The GPT-4o deprecation is a minor incident in the scale of AI governance challenges. No one was harmed. No laws were broken. A company retired a product, as companies do.

But the intensity of the response reveals something about the state of trust in AI platforms. Users feel they have limited ability to:

Verify claims. When a platform cites usage statistics to justify changes, users cannot audit the methodology.

Preserve workflows. When behavior changes, users cannot roll back to known-good states.

Understand routing. When systems are opaque about which model handles which request, users cannot form accurate expectations.

Maintain continuity. When models are deprecated, users lose co-adapted relationships they may have invested significant time developing.

Each of these is a verification gap. Users must trust the platform rather than verify platform claims. That trust relationship works when platform interests align with user interests. It fails when they diverge.

The Broader Pattern

OpenAI is not unique in this regard. Every AI platform faces similar pressures. Infrastructure costs for legacy models are real. Engineering resources are finite. Consolidation has genuine benefits.

The question is not whether platforms should ever deprecate models. They must. The question is what governance structures should surround deprecation decisions.

Several principles emerge from the GPT-4o episode:

Transparent metrics. If usage statistics justify deprecation, the methodology should be published. What counts as a user? What counts as active selection? What is the denominator?

Explicit notice periods. Users who have built workflows around a model need time to migrate. Thirty days may be insufficient for deep integrations.

Export capabilities. If a model has learned user patterns through extended interaction, users should be able to export that context for use with successor systems.

Stable identifiers. When a model name appears in an interface, it should correspond to a specific system. Opaque routing undermines user ability to form accurate expectations.

Opt-in rather than opt-out. When new models are introduced, users should be offered the upgrade rather than automatically migrated with the option to revert.

None of these principles are technically difficult. They are governance choices. Platforms that implement them signal that user trust matters. Platforms that do not signal that growth metrics matter more.

The Axiom Parallel

Our work on media verification operates from a related premise: trust requires verifiability.

When a photograph claims to depict reality, users should not have to trust the publisher. They should be able to verify the claim through cryptographic signatures, physics-based constraints, and hardware attestation that tie the image to a specific moment and device.

When an AI platform claims to route queries to a specific model, users should not have to trust the platform. They should be able to verify the claim through transparent logging, consistent identifiers, and auditable routing logic.

The common principle is that trust without verification is fragile. It works until interests diverge. Then it fails.

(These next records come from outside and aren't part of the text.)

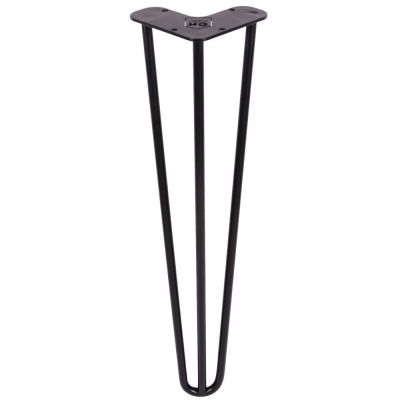 Metalowa noga loftowa do stołu czarna TL45 cm hairpin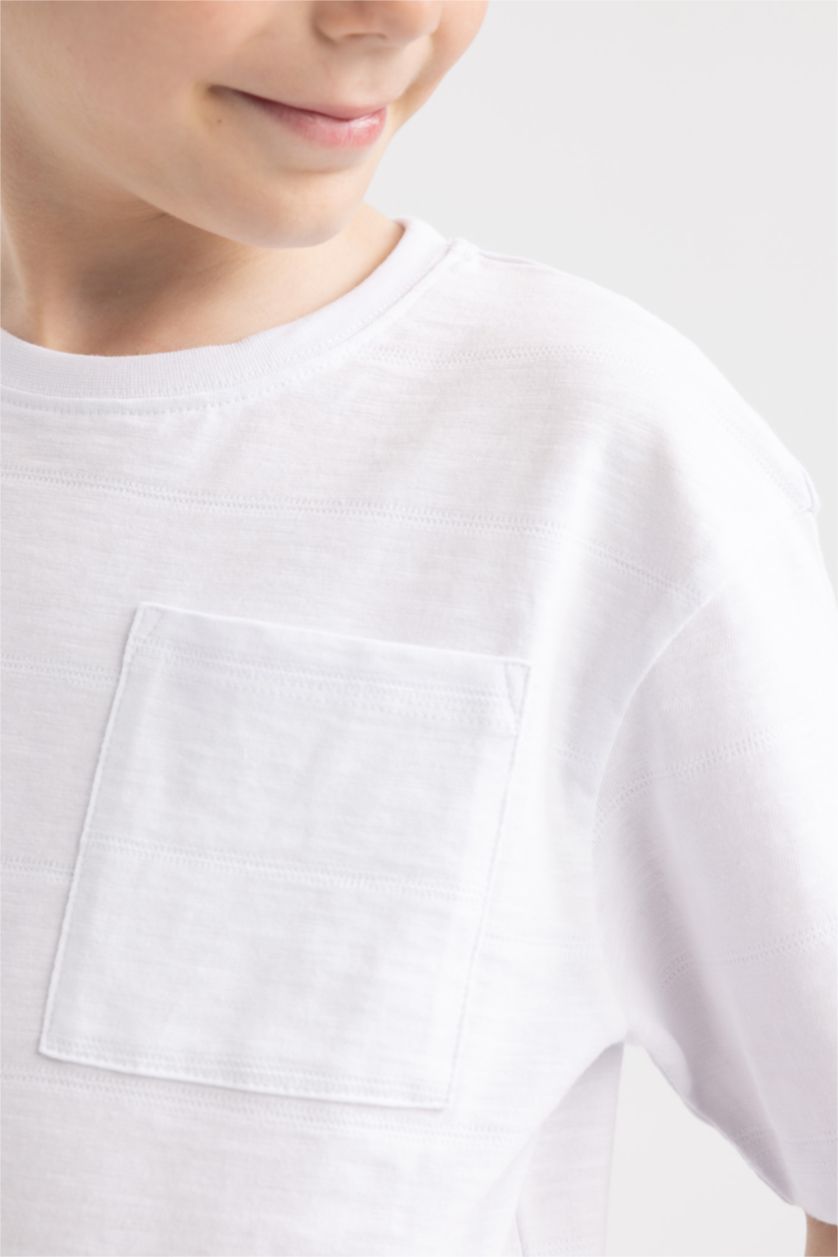 أولاد أبيض تي شيرت ولادي اوفر سايز  بياقة مستديرة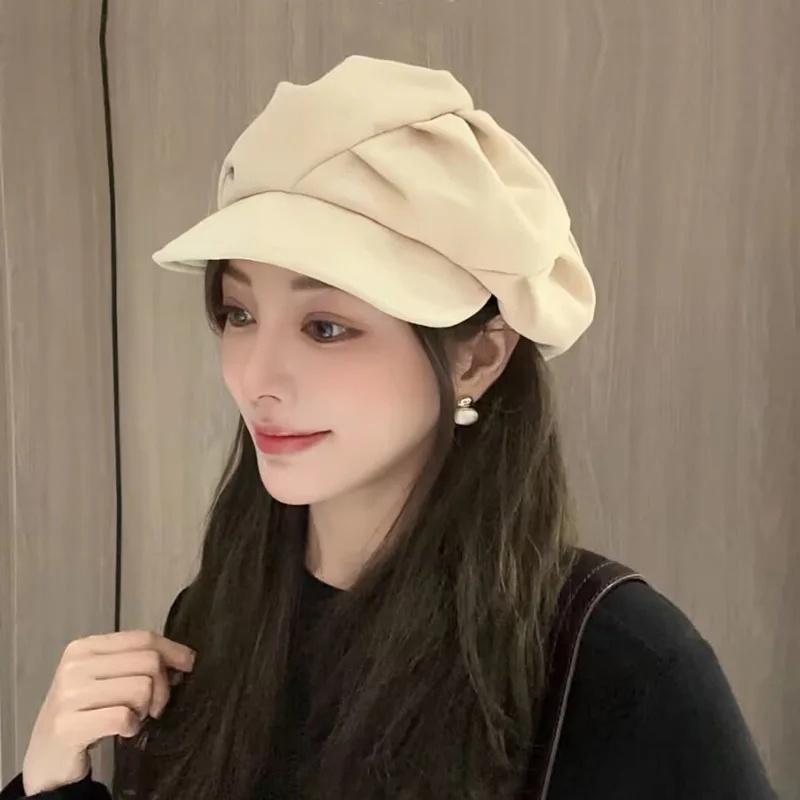 Mũ beret Xếp Ly Thời Trang Thu Đông Mới Cho Nữ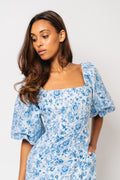 Eva Linen Midi Dress - Blue Glaze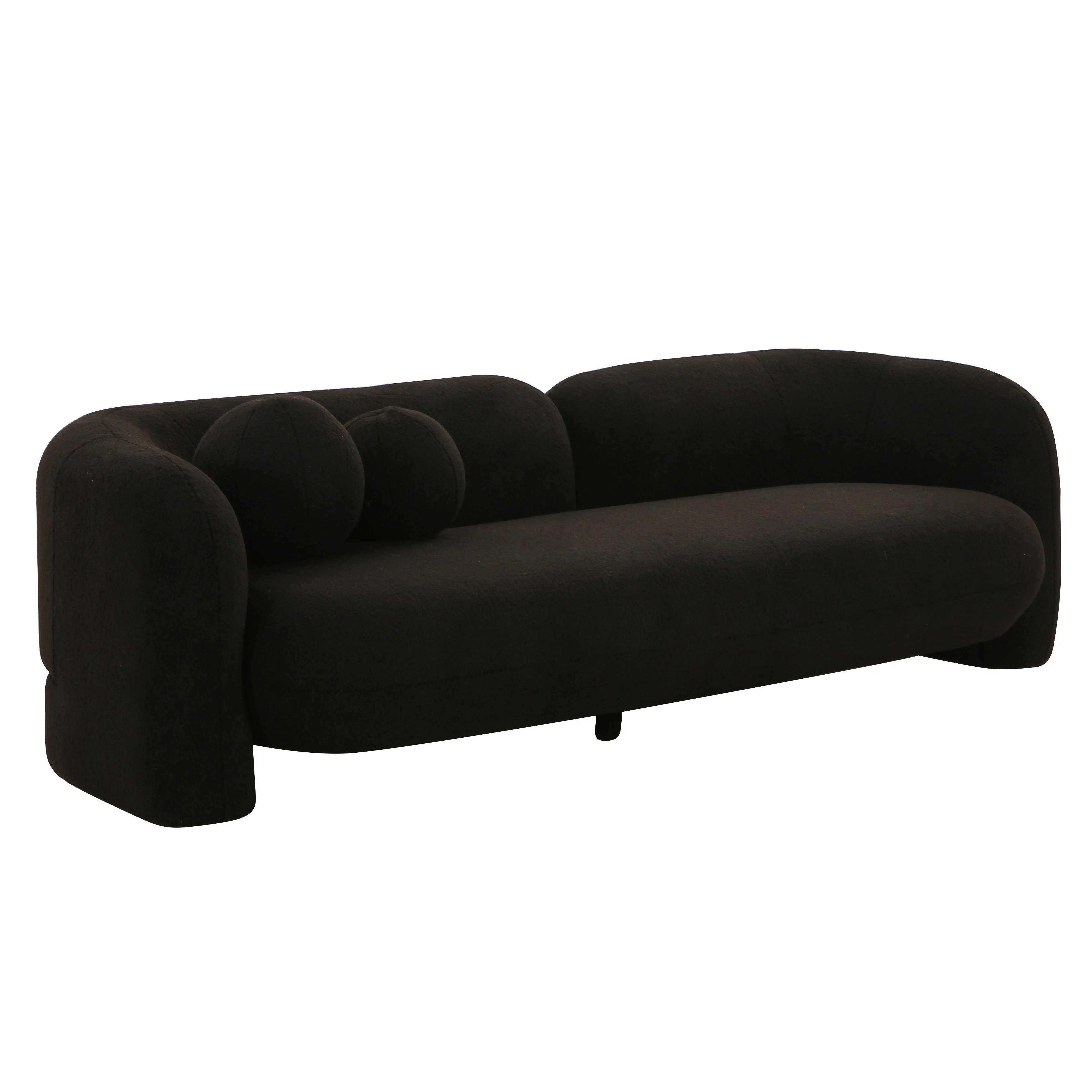 Amelie Black Faux Fur Sofa - Remutear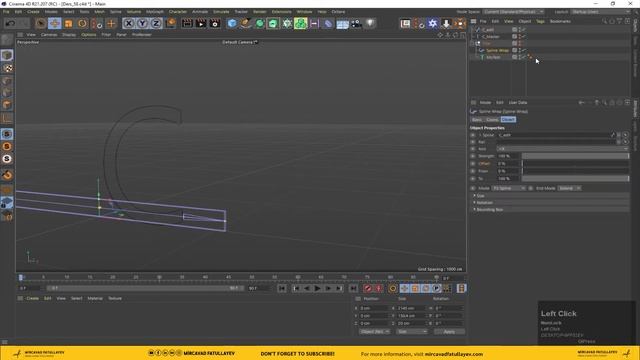Deformation Text With Spline Wrap - Cinema 4D Tutorial смотреть онлайн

The GPT-4o petition represents 13,000 people discovering this fragility simultaneously. They built workflows on trust. The platform changed. The workflows broke. And they had no recourse beyond asking nicely.

Conclusion

Software updates usually preserve identity. AI model updates replace it. This distinction creates a category of platform risk that users are only beginning to understand.

The GPT-4o deprecation is a small case study, but it illuminates large questions. What do users own when they invest time in an AI system? What obligations do platforms have to users who build on their services? How should deprecation decisions be governed, communicated, and verified?

The petition signers are not asking for special treatment. They are asking for continuity, transparency, and respect for the time they invested. These are reasonable requests. Whether platforms will honor them depends on whether trust is treated as a feature or an externality.

The shift from detection to verification is not optional. In media authenticity, it means hardware-bound provenance. In AI governance, it means auditable platform behavior. Both require building verification into the architecture rather than hoping trust will suffice.

Users are learning that hope is not a strategy.